In full and exactly, reproduce the entries below, but omit the pictures.

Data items
=== Begin Enclosure ===
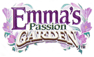Emma's Passion Garden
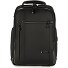 Spectrolite 3.0 Zaino da giorno 40 cm Scomparto per laptop Variante black Spectrolite 3.0 Zaino da giorno 40 cm Scomparto per laptop Variante black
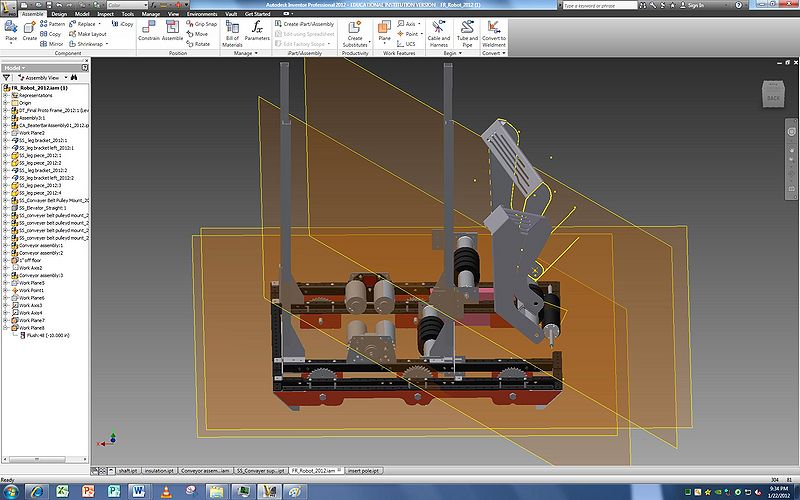 File:Top view screen shot conveyor system.jpg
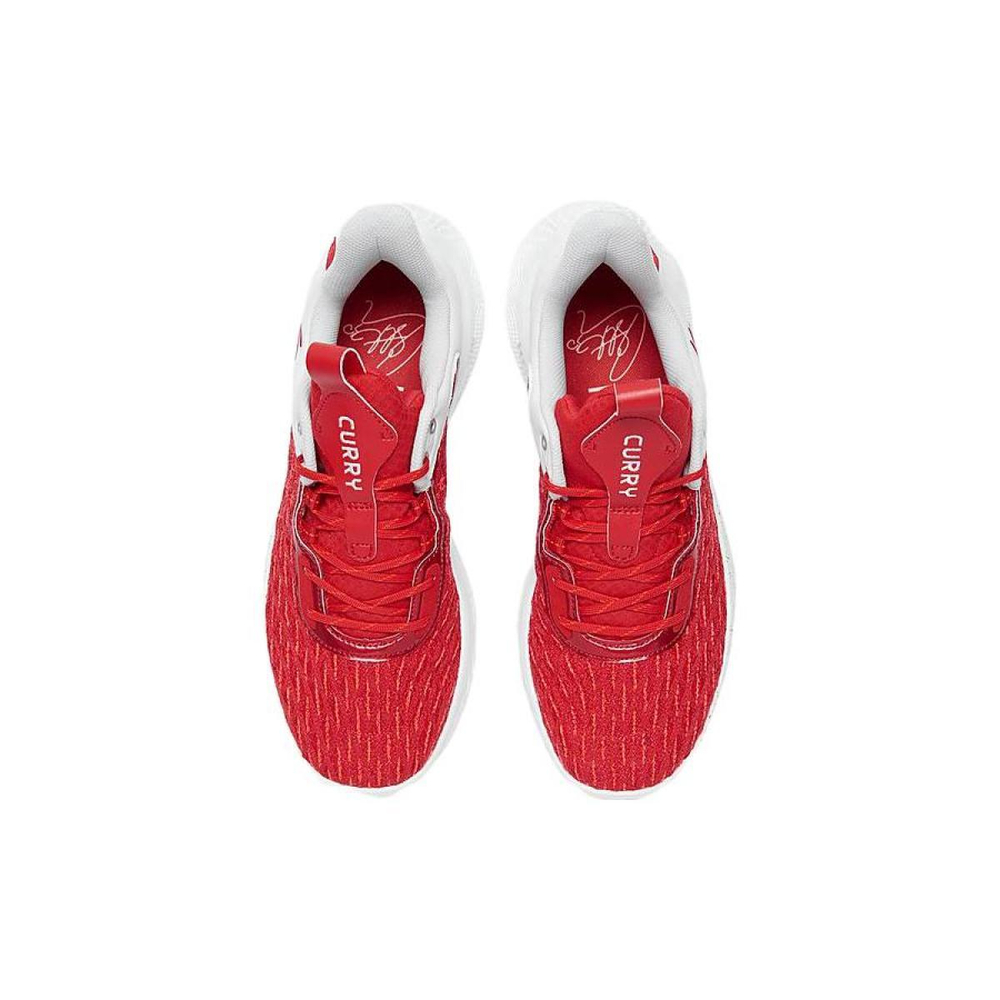 Under Armour Curry Flow 9 Team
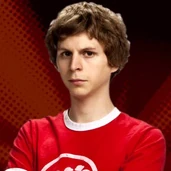 Box-scott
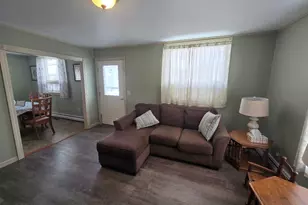 15 Bennett Dr, Caribou, ME 04736 - Photo 46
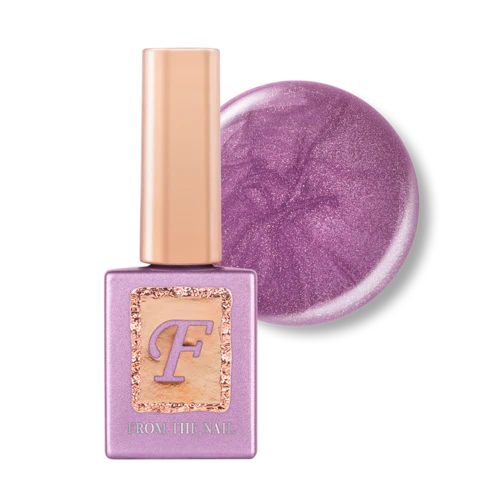 From The Nail - Angel Eye Season 2 Collection (FG.42-49) (Discontinued) - Image 4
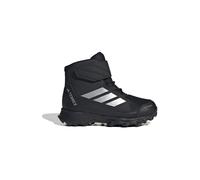 ADIDAS TERREX Botas 'TERREX SNOW CW K' negro 37,5 negro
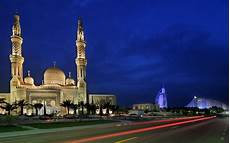 Mosque Wallpaper Design by Wallpapers Mosque Wallpaper Cave Mosque Wallpaper Design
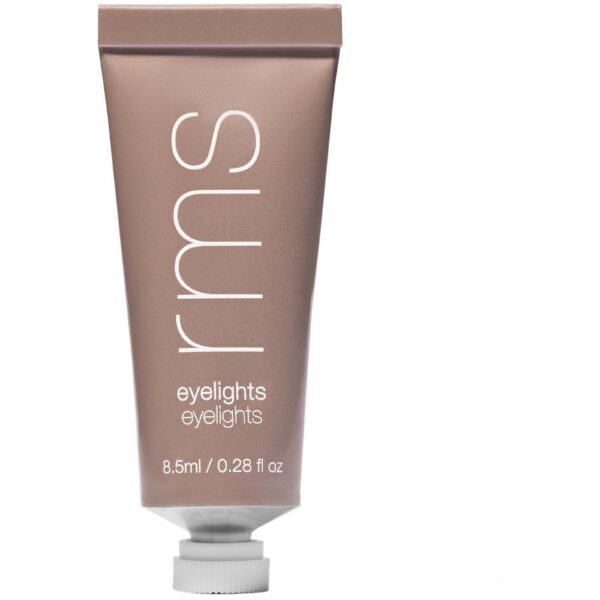 RMS Beauty eyelights  Strobe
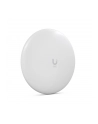 Ubiquiti Wave-Nano-EU | CPE | UISP Wave Nano, 60 GHz, 2 Gbps, 5 km, RJ45 1000Mb/s, IPX6 - nr 5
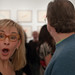 Deborah Kline Photo 10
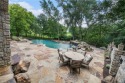 Ad# 6350622 golf course property for sale on GolfHomes.com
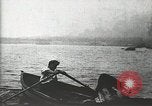 Immagine di Naufragio superstiti United States USA, 1902, secondo 35 filmato di repertorio 65675073388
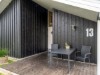 Bilde 17 - Terrasse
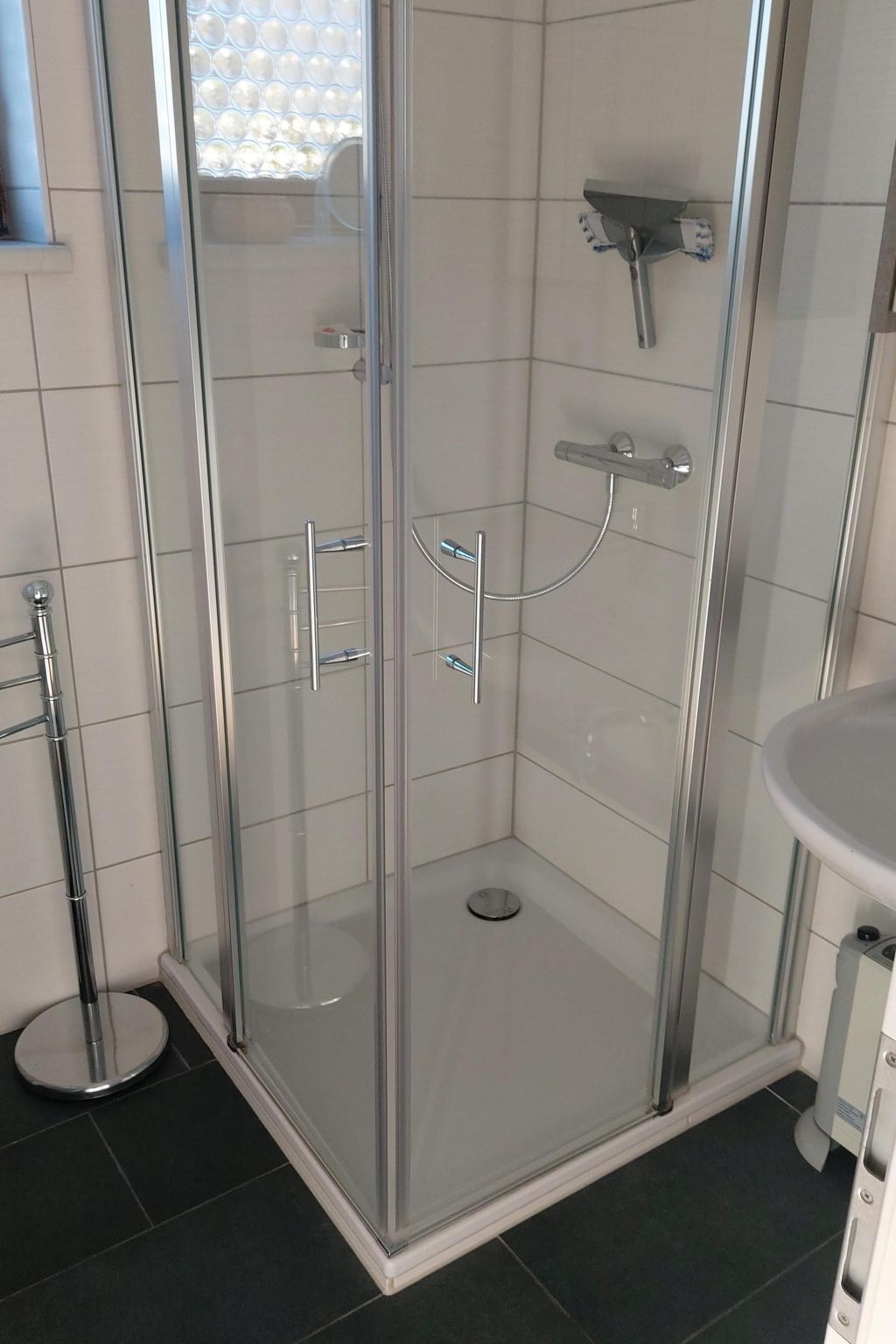 Charmantes Ferienhaus mit Blick auf den Silbersee-Image-tags.info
=== End Enclosure ===
> OUTPUT FOR THIS TASK:
Emma's Passion Garden
 Spectrolite 3.0 Zaino da giorno 40 cm Scomparto per laptop Variante black Spectrolite 3.0 Zaino da giorno 40 cm Scomparto per laptop Variante black
 File:Top view screen shot conveyor system.jpg
 Under Armour Curry Flow 9 Team
 Box-scott
 15 Bennett Dr, Caribou, ME 04736 - Photo 46
 From The Nail - Angel Eye Season 2 Collection (FG.42-49) (Discontinued) - Image 4
 ADIDAS TERREX Botas 'TERREX SNOW CW K' negro 37,5 negro
 Mosque Wallpaper Design by Wallpapers Mosque Wallpaper Cave Mosque Wallpaper Design
 RMS Beauty eyelights  Strobe
 Ubiquiti Wave-Nano-EU | CPE | UISP Wave Nano, 60 GHz, 2 Gbps, 5 km, RJ45 1000Mb/s, IPX6 - nr 5
 Deborah Kline Photo 10
 Ad# 6350622 golf course property for sale on GolfHomes.com
 Immagine di Naufragio superstiti United States USA, 1902, secondo 35 filmato di repertorio 65675073388
 Bilde 17 - Terrasse
 Charmantes Ferienhaus mit Blick auf den Silbersee-Image-tags.info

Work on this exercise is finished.